The Company will continue to evaluate and de-risk the Irish Skellig Licence with a view to farming down or 
otherwise reducing its interest before a well is drilled. Antrim intends to bid to acquire additional interests 
in Ireland through the recently announced Irish bid round. 
 
The Company also intends to use its strong balance sheet and licence holding to acquire opportunities either 
asset specific or corporate where an acquisition or a corporate combination would enhance shareholder value. 

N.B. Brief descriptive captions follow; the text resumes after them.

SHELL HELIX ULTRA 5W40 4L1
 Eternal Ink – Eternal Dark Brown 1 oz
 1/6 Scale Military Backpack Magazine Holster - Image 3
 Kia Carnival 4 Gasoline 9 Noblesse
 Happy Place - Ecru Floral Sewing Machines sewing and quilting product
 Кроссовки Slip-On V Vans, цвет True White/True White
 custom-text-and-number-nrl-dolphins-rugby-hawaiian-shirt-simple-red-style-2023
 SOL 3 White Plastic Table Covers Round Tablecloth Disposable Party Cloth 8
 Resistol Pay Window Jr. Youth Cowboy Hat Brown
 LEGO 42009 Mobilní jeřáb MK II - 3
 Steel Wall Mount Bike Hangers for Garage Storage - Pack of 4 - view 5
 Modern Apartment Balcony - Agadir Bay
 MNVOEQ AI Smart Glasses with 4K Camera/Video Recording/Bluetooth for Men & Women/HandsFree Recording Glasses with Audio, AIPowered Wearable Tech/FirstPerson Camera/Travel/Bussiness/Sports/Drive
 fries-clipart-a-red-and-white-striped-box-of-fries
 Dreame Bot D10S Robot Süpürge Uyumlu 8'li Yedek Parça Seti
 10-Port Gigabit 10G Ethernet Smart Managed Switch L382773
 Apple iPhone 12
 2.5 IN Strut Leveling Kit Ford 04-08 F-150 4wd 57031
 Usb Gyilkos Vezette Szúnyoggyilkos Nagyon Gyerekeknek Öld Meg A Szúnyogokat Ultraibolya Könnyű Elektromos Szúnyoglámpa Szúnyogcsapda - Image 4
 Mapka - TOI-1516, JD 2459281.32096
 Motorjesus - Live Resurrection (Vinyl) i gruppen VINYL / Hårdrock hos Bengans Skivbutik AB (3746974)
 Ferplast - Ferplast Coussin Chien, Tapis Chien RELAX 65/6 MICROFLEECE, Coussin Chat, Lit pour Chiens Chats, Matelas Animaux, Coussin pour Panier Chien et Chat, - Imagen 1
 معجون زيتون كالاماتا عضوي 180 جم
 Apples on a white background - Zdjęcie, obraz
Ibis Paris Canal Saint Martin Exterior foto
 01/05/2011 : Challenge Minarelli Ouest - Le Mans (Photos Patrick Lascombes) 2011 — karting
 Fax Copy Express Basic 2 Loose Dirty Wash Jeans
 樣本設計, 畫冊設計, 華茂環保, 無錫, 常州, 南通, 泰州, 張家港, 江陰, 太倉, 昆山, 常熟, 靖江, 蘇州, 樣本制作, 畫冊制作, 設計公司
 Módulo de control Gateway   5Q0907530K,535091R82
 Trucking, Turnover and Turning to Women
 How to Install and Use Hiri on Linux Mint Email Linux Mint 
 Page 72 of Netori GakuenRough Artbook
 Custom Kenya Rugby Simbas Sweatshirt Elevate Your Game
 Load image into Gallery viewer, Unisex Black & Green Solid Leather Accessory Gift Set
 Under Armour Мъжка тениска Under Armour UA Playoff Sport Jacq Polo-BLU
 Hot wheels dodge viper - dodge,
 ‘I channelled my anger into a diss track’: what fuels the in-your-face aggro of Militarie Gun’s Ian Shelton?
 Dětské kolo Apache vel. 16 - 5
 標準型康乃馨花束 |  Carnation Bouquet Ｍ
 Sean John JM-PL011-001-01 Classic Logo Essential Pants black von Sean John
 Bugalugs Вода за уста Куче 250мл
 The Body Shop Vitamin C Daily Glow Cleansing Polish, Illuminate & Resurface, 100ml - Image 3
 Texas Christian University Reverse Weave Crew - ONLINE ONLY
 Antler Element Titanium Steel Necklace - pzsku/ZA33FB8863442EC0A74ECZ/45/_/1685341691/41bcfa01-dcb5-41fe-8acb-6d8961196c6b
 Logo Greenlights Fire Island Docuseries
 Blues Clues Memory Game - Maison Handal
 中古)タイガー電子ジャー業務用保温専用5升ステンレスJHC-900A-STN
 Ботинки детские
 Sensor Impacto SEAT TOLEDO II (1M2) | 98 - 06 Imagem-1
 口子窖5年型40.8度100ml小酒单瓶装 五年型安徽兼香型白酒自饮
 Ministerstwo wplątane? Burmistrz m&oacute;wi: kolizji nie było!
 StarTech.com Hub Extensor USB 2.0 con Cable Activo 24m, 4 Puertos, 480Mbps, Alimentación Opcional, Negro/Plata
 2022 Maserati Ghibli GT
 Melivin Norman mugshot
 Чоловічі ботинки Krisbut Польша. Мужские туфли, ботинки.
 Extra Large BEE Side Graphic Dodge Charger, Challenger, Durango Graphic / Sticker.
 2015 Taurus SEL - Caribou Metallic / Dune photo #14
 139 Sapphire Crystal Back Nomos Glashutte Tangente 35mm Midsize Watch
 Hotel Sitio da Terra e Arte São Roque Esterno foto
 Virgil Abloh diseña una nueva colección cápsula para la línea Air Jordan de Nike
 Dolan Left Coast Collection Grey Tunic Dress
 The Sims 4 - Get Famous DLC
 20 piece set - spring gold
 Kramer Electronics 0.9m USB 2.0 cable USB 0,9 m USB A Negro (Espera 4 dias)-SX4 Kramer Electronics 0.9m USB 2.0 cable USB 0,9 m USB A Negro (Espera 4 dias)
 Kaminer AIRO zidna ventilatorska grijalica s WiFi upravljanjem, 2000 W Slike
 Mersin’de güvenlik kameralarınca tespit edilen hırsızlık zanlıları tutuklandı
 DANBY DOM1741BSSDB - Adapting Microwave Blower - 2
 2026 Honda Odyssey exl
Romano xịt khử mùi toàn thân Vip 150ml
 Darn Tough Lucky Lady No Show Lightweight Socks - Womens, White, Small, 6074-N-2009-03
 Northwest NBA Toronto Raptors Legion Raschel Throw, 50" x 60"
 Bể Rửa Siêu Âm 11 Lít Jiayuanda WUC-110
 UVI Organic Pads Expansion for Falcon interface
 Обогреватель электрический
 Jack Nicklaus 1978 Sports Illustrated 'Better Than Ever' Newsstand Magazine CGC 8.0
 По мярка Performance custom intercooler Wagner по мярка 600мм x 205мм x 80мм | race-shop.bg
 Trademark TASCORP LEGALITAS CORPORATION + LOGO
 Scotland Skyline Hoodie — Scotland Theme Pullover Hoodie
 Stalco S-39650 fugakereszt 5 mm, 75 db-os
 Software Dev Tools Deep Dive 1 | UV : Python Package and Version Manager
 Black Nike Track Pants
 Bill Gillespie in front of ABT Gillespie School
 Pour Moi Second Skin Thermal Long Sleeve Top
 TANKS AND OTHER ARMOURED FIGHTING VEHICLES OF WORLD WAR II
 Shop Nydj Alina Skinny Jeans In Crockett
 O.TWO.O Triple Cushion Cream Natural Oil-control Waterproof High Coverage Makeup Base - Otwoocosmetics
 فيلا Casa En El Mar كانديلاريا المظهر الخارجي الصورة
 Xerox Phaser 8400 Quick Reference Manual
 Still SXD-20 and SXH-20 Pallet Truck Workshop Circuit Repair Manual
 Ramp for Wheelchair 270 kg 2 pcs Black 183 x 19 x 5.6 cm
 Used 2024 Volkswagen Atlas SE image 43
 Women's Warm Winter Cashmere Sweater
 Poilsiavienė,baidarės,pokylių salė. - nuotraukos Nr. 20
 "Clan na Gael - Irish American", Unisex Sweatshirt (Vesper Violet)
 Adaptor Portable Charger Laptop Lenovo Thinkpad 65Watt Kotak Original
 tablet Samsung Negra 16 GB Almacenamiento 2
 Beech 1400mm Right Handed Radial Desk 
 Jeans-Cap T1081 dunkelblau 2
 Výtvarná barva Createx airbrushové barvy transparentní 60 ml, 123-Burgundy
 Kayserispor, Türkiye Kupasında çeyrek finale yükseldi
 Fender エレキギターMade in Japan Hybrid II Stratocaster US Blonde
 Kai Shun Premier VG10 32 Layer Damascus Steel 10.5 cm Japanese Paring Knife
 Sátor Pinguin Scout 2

The Company has evaluated a number of opportunities over the past three months and will continue to look for 
additional opportunities. The board of Antrim views the Company's strong financial position as a competitive 
advantage in the current volatile oil price environment and the Company will continue to seek ways to reduce 
the Company's G&A costs to further protect its financial position. 
 
Summary of Quarterly Results 
 
                                                                 Net Income 
                                        Cash Flow                (Loss) Per 
 ($000`s, except per    Revenue, Net      Used in   Net Income      Share - 
 share amounts)         of Royalties   Operations        (Loss)       Basic 
=--------------------------------------------------------------------------- 
                             (Note 1)     (Note 1) 
2014 
Third quarter                      -         (109)        (528)       (0.00) 
Second quarter                     -       (2,510)        (223)       (0.00) 
First quarter                      -       (1,179)      (8,461)       (0.05) 
                        ---------------------------------------------------- 
                                   -       (3,798)      (9,212)       (0.05) 
                        ---------------------------------------------------- 
                        ---------------------------------------------------- 
 
2013 
Fourth quarter                     -       (1,836)     (21,212)       (0.11) 
Third quarter                      -         (388)     (16,067)       (0.09) 
Second quarter                     -       (2,934)         930         0.01 
First quarter                      -       (3,368)      (2,853)       (0.02) 
                        ---------------------------------------------------- 
                                   -       (8,526)     (39,202)       (0.21) 
                        ---------------------------------------------------- 
                        ---------------------------------------------------- 
 
2012 
Fourth quarter                     -       (8,137)     (67,155)       (0.36) 
Third quarter                      -         (472)      (5,396)       (0.03) 
Second quarter                     -       (3,178)      (6,572)       (0.04) 
First quarter                      -       (1,601)     (55,421)       (0.30) 
                        ---------------------------------------------------- 
                                   -      (13,388)    (134,544)       (0.73) 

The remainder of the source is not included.